Read the entire interview at the Royalty Week website. You’ll need to the Acrobat Reader to view it.

Internet Music Fans Find, Buy More

Via RAIN, word of a study done by the Digital Music Association showing that subscribers to digital music services like Rhapsody, iTunes, LastFM, Pandora and the like have a bigger appetite for music, spending upwards of $300 a year on the Internet to feed their habit. Additionally, these consumers are more varied in their choice of genres:

Across all three digital music services nearly 60 percent of consumers are listening to more music since they started using the service.

Digital music services have had a positive effect on overall music discussion with friends and co-workers, which in turn has led to music service recommendations.

More than 4 in 10 digital music service consumers are discussing music more frequently.

More than 7 in 10 have recommended a music service to others.

Listening to and purchasing music over the internet has expanded the musical taste of the vast majority of consumers by allowing them to discover new artists.

More than 6 in 10 digital music consumers have discovered some new artists while nearly 1 in 4 have discovered a lot of new artists.

Nearly 7 in 10 consumers have explored new genres of music.

What to make of this? Far from being a scourge to the recording industry, the availability of music online drives a bigger overall hunger for it. The study also showed that these consumers discuss music more with friends and co-workers, and recommend the services they use to other.

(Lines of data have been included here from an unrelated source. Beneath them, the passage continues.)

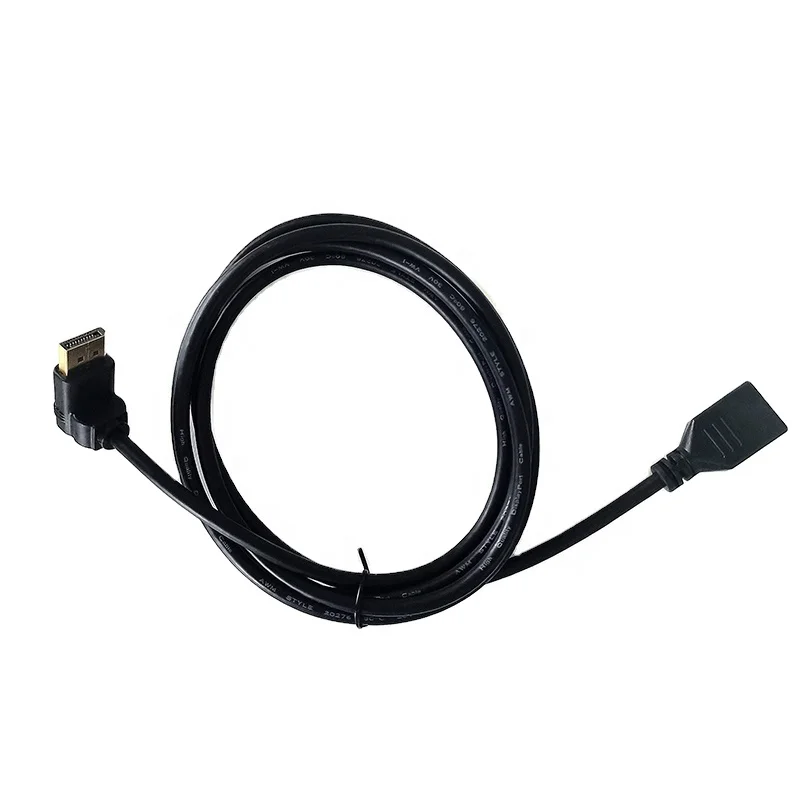 Dp To Dp Cable 1.8m Gold Plated 90 Degree Male To Female Displayport 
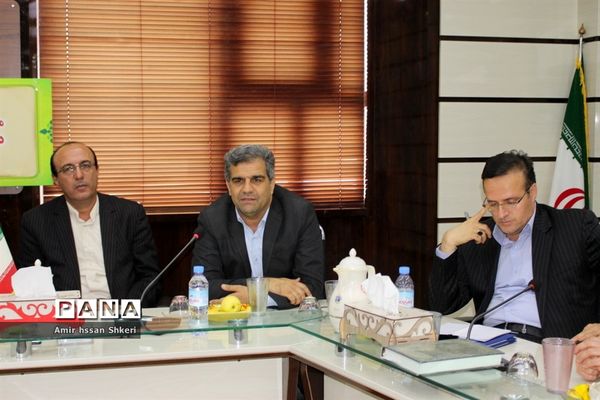 آئین معارفه معاون هماهنگی و معاون آموزشی دانشگاه فرهنگیان بوشهر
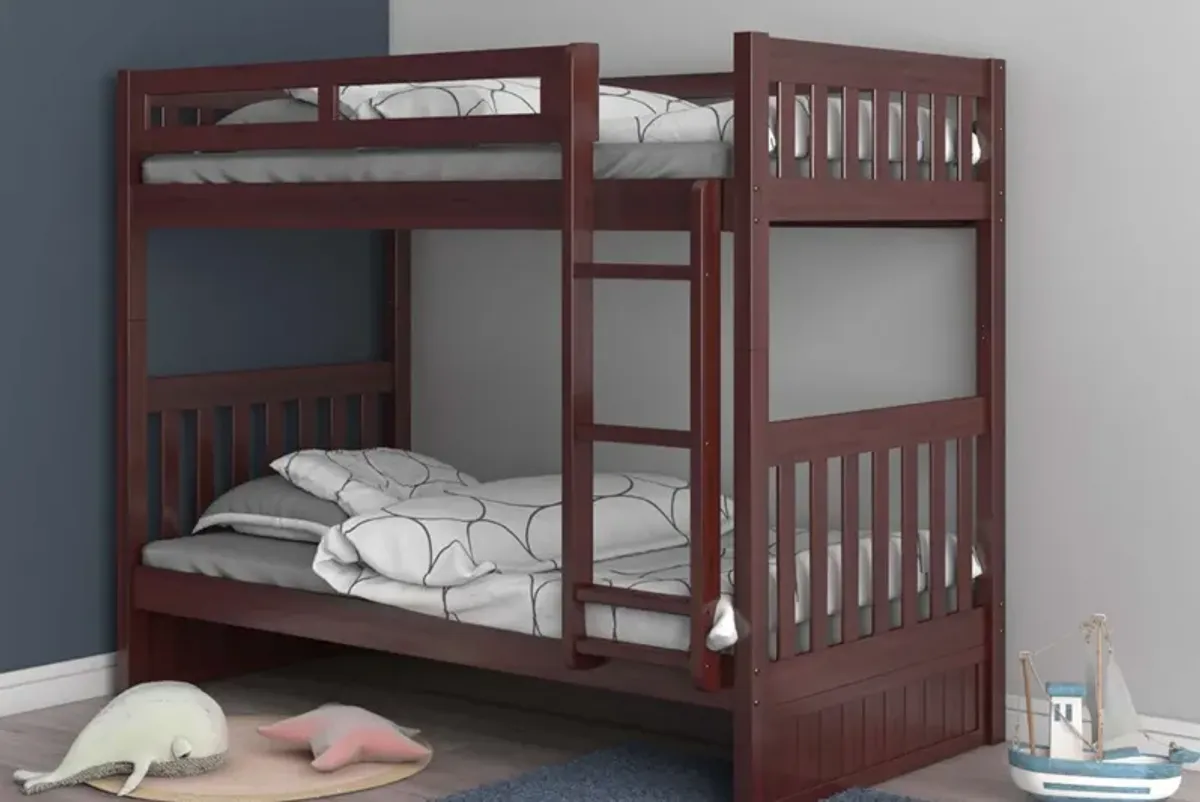 Mason Twin over Twin Bunk Bed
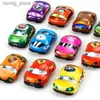 Wind-Up Toys Childrens Car 5-Piece Set Toys Boys and Girls Fun Birthday Surprise Y240416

The only surprise I found was that the number of concerts these consumers attend stayed basically the same. 67 percent attend 1 to 5 a year, and their Internet habits had no impact on that number. More likely, obscenely high concert prices keep them indoors – which is good news for Mark Cuban.

Almost half of them spend more than $200 a year on music. 13 percent spend over $500.

Why does the industry try so hard to punish their biggest fans? I’d be very interested in learning how much P2P activity these same consumers engage in. My guess is it’s a pretty high number, which doesn’t change their tendency to buy music.